The quantity \(z _ I ^ k\) converted by the inverse hyperbolic function is close to a two-sided exponential distribution. Thus, \(z _ I ^ k\) is a very manageable variable in CatBoost where the mean and variance are included in the loss function to estimate the parameter. Conversely, if we try to minimize the value of the loss function using \(y _ I ^ k\) instead of \(z _ I ^ k\) as the objective variable, only a very small percentage of errors in the large positive or negative ranges that follow Zipf’s law will affect the value of the loss function, creating a model that can predict only certain large-scale ranges.
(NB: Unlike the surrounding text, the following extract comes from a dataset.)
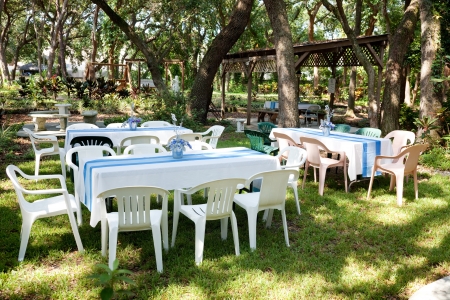 Tables and chairs set up for a garden party, wedding, or other outdoor event.  の写真素材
To avoid this problem, in this paper, the variable transformed by the inverse hyperbolic function is used as the objective variable.

Description of missing value interpolation model

In this section, we consider the following missing value interpolation model with CatBoost, which predicts the objective variable introduced in "CatBoost" as follows:

$$\begin{aligned} z_{t,I}^k&=f(y_{t-1,1}^k,y_{t,1}^k, y_{t+1,1}^k; y_{t-1,2}^k,y_{t,2,}^k, y_{t+1,2}^k; \cdots ; \\ \nonumber & y_{t-1,I}^k, y_{t+1,I}^k; \cdots ; y_{t-1,n}^k,y_{t,n}^k, y_{t+1,n}^k ;x_1^k, \cdots , x_m^k )~. \end{aligned}$$
(2)

Here, f is a CatBoost evaluation function. The explanatory variable \(y _ {t, i} ^ k\) is the numerical value of the financial item i of t year of a firm k, and n is the number of financial items to be used for the explanatory variable. \(y _ {t, I} ^ k\) does not exist on the right side, and Eq. (2) predicts it by converting \(z _ {t, I} ^ k\) using Eq. (1). The explanatory variable \(x _ j ^ k\) is the j-th attribute of a firm k, such as a time-independent number or category, and m is the number. In this paper, we consider \(x _ j ^ k\) as the main industry of a firm k (4-digit SIC code [42]) and a dummy variable of the country where the firm k is located (204 countries with financial values in ORBIS). The reason why the SIC code is considered an industry is that a similar industry has been assigned a number that is close to a four-digit code.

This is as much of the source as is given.